Output exactly the lines below, starting with the line that has "expenditure Budget" and going on through the line that has "Tahitian Natural Pearl Necklace 9-10mm", both included, and no other lines.

*** Begin section ***

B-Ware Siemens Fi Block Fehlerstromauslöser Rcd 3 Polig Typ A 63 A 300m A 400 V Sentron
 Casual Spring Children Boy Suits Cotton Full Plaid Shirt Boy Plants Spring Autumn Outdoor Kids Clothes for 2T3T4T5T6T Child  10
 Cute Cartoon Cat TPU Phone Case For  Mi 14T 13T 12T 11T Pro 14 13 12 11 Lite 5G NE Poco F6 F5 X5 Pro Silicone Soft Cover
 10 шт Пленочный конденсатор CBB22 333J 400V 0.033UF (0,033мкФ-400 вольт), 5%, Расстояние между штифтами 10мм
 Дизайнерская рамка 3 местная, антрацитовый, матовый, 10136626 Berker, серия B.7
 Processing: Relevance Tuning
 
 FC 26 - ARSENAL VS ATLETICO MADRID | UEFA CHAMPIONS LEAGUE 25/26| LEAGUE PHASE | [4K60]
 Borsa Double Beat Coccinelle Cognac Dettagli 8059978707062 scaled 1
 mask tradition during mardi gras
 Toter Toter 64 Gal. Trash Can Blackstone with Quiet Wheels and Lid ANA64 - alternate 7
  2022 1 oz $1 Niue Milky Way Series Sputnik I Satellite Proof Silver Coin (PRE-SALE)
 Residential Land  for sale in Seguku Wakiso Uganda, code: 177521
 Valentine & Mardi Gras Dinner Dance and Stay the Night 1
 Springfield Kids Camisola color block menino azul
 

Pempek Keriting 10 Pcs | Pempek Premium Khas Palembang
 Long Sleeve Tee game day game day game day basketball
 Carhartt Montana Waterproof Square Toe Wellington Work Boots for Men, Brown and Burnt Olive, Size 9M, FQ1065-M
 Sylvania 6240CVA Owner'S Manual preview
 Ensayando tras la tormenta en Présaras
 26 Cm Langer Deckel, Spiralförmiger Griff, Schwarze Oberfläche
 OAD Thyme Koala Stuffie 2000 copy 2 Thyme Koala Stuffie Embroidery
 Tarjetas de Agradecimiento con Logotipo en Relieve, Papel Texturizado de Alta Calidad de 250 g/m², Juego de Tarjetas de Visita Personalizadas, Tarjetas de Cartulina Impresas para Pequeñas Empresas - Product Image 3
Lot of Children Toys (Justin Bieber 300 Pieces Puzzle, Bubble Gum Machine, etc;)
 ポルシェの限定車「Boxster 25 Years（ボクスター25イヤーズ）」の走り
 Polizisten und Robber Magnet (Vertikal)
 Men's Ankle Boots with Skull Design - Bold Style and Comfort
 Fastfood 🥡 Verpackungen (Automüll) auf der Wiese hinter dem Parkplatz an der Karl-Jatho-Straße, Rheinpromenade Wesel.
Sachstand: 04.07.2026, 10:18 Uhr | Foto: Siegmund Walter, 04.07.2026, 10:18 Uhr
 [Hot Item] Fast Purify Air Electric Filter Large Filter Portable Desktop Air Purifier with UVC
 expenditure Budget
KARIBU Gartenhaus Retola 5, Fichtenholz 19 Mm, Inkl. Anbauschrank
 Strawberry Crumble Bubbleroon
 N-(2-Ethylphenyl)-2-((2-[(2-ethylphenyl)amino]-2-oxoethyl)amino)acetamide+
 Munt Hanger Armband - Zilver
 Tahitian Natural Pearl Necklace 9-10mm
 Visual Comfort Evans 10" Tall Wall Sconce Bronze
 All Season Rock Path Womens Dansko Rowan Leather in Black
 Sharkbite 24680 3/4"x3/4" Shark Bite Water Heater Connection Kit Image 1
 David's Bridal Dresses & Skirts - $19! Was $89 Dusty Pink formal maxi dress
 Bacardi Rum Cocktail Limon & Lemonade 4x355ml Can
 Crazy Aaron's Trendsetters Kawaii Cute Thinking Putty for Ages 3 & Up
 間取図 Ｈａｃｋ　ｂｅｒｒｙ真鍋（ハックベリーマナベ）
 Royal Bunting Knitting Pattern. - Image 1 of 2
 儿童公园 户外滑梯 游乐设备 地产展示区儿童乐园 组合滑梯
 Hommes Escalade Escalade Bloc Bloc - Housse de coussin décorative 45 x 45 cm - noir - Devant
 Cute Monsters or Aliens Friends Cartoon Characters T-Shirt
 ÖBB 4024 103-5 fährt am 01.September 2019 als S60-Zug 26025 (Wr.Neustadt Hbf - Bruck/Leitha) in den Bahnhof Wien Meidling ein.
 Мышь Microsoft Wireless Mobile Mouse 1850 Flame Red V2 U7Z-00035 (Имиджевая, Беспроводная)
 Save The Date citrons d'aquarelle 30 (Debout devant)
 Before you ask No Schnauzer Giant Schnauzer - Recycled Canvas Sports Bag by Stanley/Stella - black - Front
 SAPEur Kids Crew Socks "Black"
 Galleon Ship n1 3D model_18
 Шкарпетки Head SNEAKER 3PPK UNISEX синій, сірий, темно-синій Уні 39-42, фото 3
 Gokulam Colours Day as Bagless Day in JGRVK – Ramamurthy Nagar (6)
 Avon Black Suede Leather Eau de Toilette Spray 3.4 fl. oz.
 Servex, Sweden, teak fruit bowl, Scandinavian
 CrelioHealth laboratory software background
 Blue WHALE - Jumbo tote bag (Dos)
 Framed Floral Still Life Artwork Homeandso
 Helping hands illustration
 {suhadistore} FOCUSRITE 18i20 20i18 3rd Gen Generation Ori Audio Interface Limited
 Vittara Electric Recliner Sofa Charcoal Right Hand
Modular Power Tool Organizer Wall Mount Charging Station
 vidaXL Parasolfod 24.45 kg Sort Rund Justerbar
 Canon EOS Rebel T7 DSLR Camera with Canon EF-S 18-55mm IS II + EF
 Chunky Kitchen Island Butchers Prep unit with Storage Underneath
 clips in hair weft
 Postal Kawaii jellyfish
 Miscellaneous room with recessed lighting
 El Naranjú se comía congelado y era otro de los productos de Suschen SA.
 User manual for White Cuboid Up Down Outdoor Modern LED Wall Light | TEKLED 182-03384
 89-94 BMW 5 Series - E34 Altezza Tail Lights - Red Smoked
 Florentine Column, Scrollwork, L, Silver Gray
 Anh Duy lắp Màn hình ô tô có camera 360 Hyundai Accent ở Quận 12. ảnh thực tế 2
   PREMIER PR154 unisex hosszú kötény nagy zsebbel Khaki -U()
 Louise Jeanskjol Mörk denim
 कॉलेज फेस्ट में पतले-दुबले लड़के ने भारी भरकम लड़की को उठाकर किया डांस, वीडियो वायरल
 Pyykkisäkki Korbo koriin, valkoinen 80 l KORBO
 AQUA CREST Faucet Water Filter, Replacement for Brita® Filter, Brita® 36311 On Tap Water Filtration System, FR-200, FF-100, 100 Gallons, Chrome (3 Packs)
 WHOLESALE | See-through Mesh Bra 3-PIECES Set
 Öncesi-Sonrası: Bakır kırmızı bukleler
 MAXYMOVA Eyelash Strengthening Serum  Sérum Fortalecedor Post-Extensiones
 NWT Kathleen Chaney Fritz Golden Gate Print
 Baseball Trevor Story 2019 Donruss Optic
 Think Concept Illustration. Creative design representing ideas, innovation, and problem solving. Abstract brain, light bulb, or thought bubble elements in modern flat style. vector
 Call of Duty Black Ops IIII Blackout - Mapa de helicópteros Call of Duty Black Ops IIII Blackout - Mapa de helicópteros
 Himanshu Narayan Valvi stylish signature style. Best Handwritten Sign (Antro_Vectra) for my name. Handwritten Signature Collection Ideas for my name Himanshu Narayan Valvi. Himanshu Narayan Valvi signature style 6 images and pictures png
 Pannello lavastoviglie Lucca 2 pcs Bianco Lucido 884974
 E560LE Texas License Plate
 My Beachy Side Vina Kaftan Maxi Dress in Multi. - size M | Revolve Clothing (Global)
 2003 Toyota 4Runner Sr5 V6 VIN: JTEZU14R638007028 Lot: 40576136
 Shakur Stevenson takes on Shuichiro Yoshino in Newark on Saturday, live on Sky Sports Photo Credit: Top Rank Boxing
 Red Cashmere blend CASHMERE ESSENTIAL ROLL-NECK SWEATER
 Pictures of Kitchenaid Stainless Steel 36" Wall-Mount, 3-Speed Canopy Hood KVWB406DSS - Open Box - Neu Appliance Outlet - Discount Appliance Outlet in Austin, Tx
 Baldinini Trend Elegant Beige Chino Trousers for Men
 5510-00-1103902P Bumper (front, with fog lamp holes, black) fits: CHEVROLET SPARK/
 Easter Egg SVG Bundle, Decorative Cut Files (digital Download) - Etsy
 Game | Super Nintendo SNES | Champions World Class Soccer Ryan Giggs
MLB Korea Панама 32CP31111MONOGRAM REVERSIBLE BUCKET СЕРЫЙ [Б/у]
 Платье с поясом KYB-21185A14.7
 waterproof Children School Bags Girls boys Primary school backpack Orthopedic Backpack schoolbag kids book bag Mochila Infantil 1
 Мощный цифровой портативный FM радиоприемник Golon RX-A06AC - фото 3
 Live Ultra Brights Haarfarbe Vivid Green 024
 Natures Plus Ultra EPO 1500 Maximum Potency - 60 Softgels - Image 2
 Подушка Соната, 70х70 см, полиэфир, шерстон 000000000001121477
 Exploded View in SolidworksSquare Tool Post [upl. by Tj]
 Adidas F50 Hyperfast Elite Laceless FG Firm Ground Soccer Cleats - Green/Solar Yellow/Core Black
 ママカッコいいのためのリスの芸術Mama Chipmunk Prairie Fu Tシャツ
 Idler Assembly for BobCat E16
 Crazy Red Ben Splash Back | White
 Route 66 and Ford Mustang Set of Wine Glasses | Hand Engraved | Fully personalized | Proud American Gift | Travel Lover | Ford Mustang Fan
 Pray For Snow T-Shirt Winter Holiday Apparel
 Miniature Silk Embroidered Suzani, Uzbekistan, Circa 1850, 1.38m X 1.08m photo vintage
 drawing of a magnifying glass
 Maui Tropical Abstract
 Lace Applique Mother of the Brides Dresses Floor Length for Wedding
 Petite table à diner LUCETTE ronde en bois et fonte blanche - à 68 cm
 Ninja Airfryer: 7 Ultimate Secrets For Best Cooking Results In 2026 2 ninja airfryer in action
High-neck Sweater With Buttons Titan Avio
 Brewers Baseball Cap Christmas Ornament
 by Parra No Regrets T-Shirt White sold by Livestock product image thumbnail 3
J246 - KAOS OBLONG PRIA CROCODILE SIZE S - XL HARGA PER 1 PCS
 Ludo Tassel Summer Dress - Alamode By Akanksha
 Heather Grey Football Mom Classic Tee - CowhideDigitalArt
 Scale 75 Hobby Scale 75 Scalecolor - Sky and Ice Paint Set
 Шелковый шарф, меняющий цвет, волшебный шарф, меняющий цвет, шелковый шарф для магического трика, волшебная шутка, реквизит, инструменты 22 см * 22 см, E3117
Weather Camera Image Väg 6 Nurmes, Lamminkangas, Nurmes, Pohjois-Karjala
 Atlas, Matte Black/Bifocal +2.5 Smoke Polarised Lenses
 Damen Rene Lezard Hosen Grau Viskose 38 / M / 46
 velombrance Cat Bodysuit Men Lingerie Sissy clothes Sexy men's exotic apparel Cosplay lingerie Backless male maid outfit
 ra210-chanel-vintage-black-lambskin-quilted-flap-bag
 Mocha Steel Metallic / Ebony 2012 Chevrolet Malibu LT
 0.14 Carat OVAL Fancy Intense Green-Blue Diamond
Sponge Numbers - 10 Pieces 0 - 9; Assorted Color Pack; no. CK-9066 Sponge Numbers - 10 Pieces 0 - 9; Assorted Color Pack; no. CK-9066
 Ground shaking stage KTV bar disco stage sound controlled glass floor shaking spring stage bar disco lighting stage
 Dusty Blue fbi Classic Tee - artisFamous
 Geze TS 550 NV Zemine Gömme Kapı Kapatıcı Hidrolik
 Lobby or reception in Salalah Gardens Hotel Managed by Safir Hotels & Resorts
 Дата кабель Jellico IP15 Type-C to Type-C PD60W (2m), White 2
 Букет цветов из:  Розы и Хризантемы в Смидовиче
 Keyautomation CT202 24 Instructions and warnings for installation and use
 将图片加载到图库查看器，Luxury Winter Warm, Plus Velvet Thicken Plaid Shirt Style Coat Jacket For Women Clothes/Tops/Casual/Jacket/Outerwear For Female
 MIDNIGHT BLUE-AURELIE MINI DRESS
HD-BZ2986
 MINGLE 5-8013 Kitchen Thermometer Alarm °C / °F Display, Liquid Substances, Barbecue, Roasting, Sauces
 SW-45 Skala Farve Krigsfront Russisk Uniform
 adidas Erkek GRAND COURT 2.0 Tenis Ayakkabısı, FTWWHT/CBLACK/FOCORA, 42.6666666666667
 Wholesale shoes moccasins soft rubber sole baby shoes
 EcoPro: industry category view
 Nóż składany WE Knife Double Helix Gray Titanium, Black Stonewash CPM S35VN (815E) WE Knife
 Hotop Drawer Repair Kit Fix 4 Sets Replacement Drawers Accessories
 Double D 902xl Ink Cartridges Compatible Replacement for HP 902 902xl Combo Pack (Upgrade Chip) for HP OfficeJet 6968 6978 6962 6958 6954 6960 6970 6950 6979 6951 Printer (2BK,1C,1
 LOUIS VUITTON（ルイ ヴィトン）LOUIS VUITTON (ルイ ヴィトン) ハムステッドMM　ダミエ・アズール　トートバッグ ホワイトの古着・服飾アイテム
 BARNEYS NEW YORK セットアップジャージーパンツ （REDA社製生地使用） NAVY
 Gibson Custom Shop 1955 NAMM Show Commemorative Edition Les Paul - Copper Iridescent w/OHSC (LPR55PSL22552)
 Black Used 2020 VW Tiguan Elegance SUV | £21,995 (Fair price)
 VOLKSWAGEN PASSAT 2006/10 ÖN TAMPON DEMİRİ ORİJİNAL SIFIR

*** End section ***

→ Response
 expenditure Budget
KARIBU Gartenhaus Retola 5, Fichtenholz 19 Mm, Inkl. Anbauschrank
 Strawberry Crumble Bubbleroon
 N-(2-Ethylphenyl)-2-((2-[(2-ethylphenyl)amino]-2-oxoethyl)amino)acetamide+
 Munt Hanger Armband - Zilver
 Tahitian Natural Pearl Necklace 9-10mm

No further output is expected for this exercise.